** Exercise materials follows **

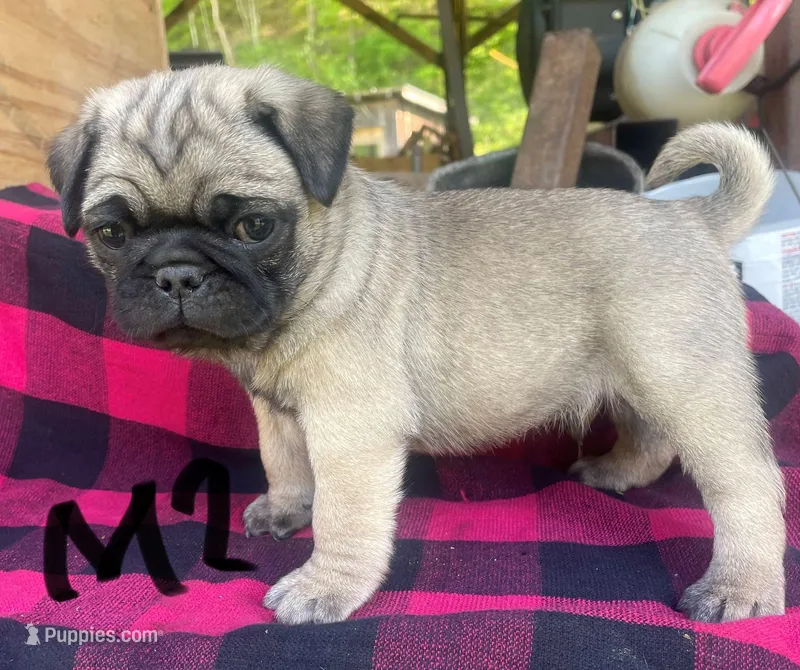 M2 – Pug puppy for sale in Booneville, KY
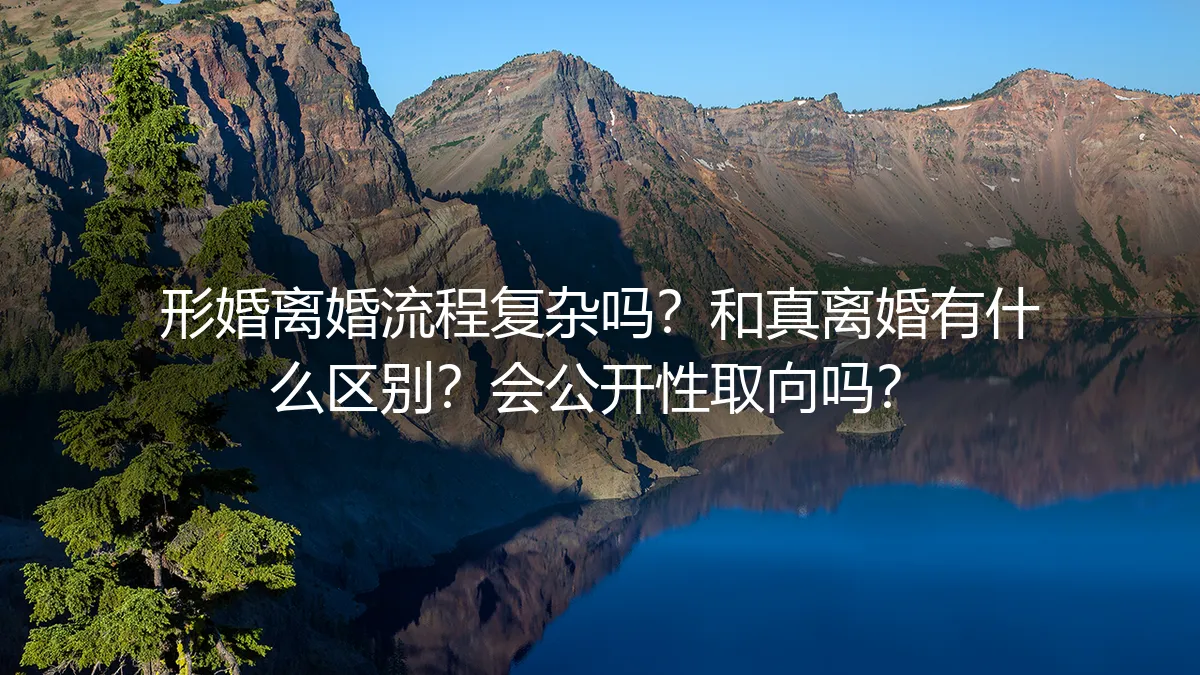 形婚离婚:流程、风险与隐私保护的深度解析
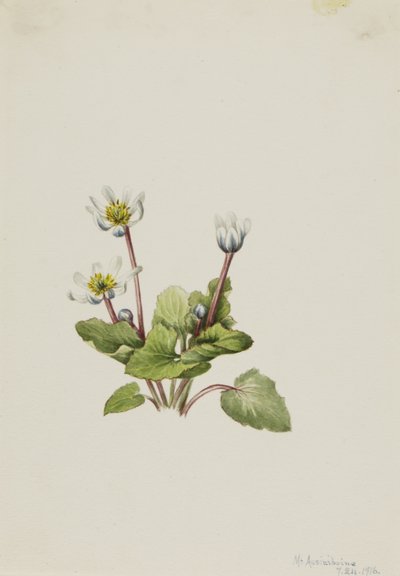 Elkslip Caltha leptosepala, 1916. de Mary Vaux Walcott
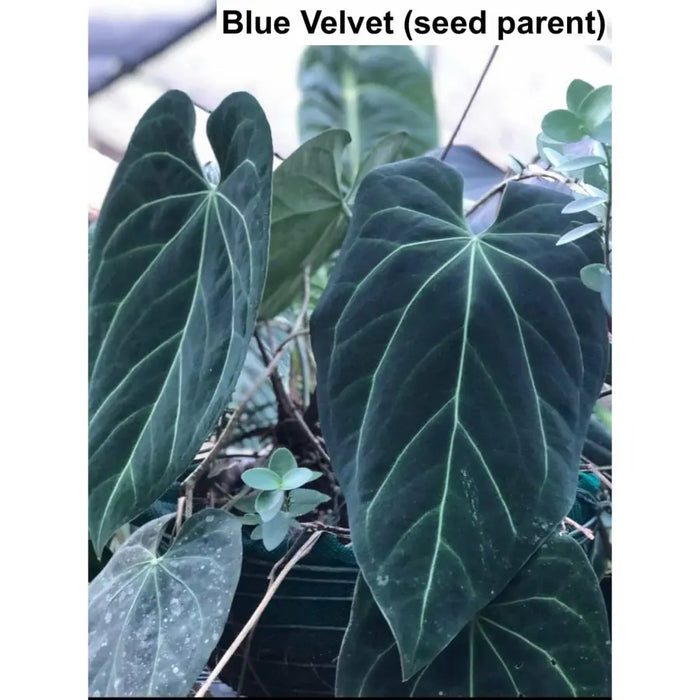 dark blue anthurium Anthurium Blue Velvet x Forgetii 'majestica' indoor plant — Green My Space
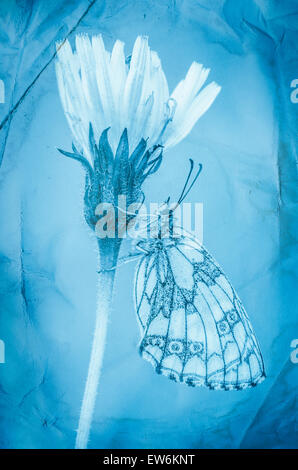 Cyanotype butterfly e fiore Foto Stock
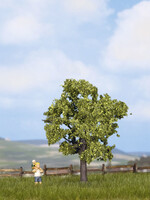 NOCH NOCH 21550 Obstbaum (H0,TT,N)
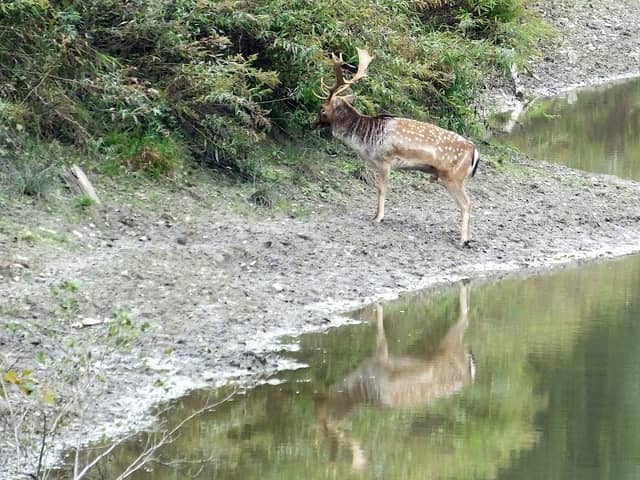 Naturpark Salzachauen - Image 2
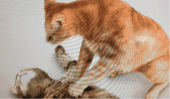 晴れてますなぁ…↓ 画像2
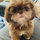 Samantha Bieber Katcher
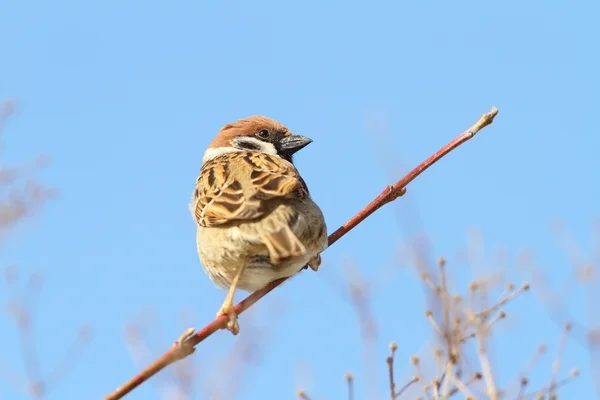 Mannelijke sparrow op twig over blauwe hemel — Stockfoto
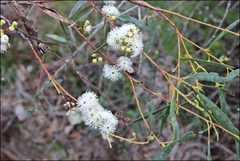 Eucalyptus amygdalina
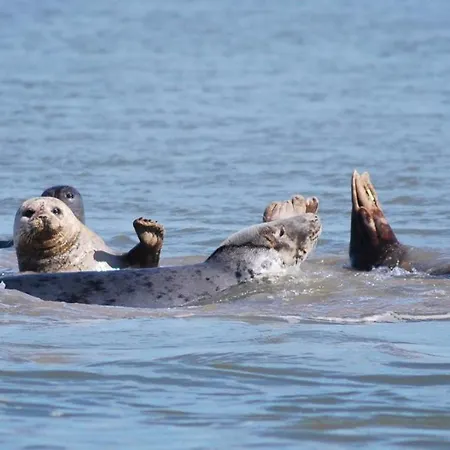 Feriehus Maison Cosy Au Coeur D'etaples Sur Classee De Tourisme 3 Etoiles
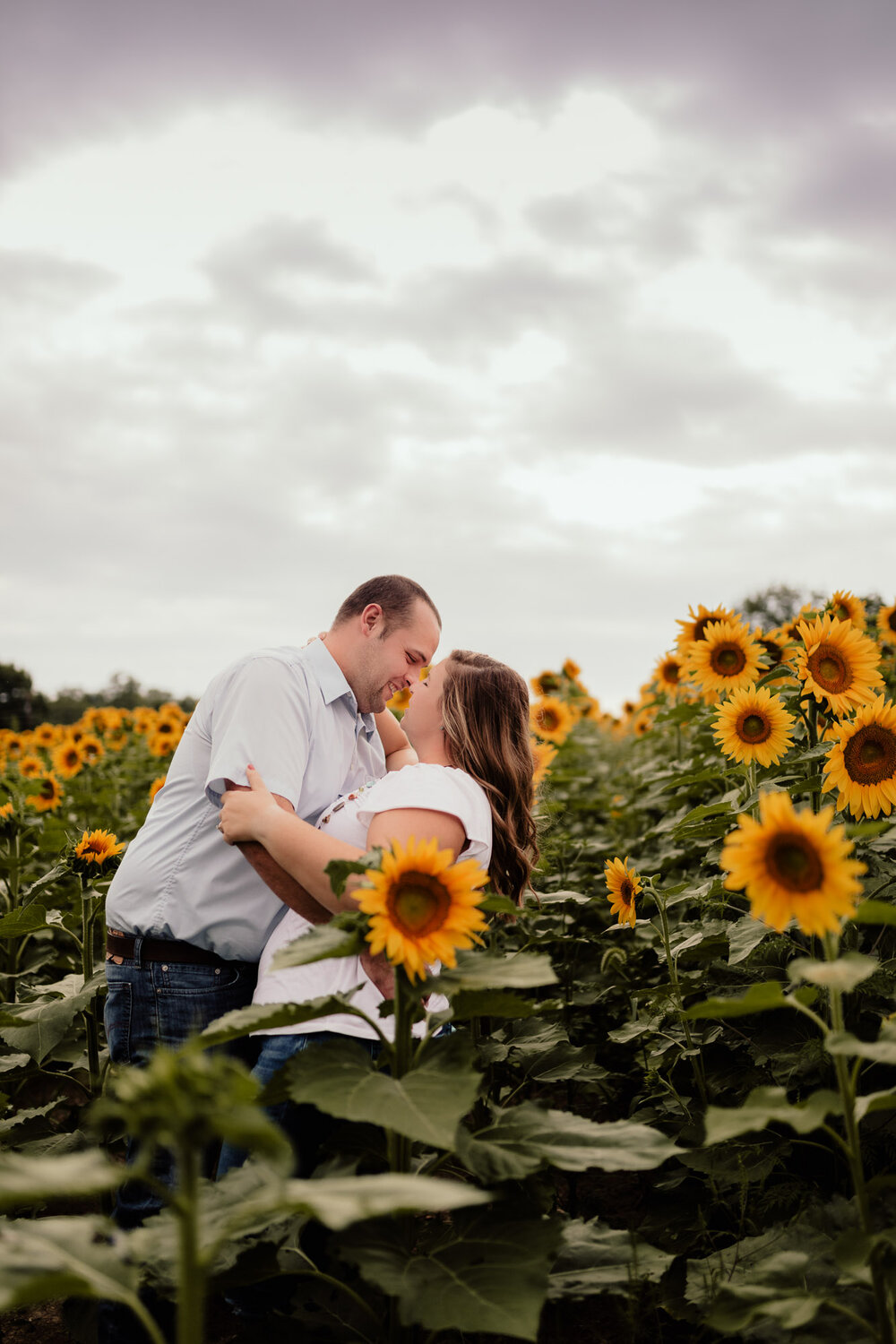Sunflower-Anniversary-by-Kara-McCurdy-4.jpg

** End of Exercise materials **

> Problem to solve:
Every entry should be repeated verbatim, with the pictures left out.

> Result:
 M2 – Pug puppy for sale in Booneville, KY
 形婚离婚:流程、风险与隐私保护的深度解析
 Elkslip Caltha leptosepala, 1916. de Mary Vaux Walcott
 dark blue anthurium Anthurium Blue Velvet x Forgetii 'majestica' indoor plant — Green My Space
 Cyanotype butterfly e fiore Foto Stock
 NOCH NOCH 21550 Obstbaum (H0,TT,N)
 Naturpark Salzachauen - Image 2
 晴れてますなぁ…↓ 画像2
 Samantha Bieber Katcher
 Mannelijke sparrow op twig over blauwe hemel — Stockfoto
 Eucalyptus amygdalina
 Feriehus Maison Cosy Au Coeur D'etaples Sur Classee De Tourisme 3 Etoiles
Sunflower-Anniversary-by-Kara-McCurdy-4.jpg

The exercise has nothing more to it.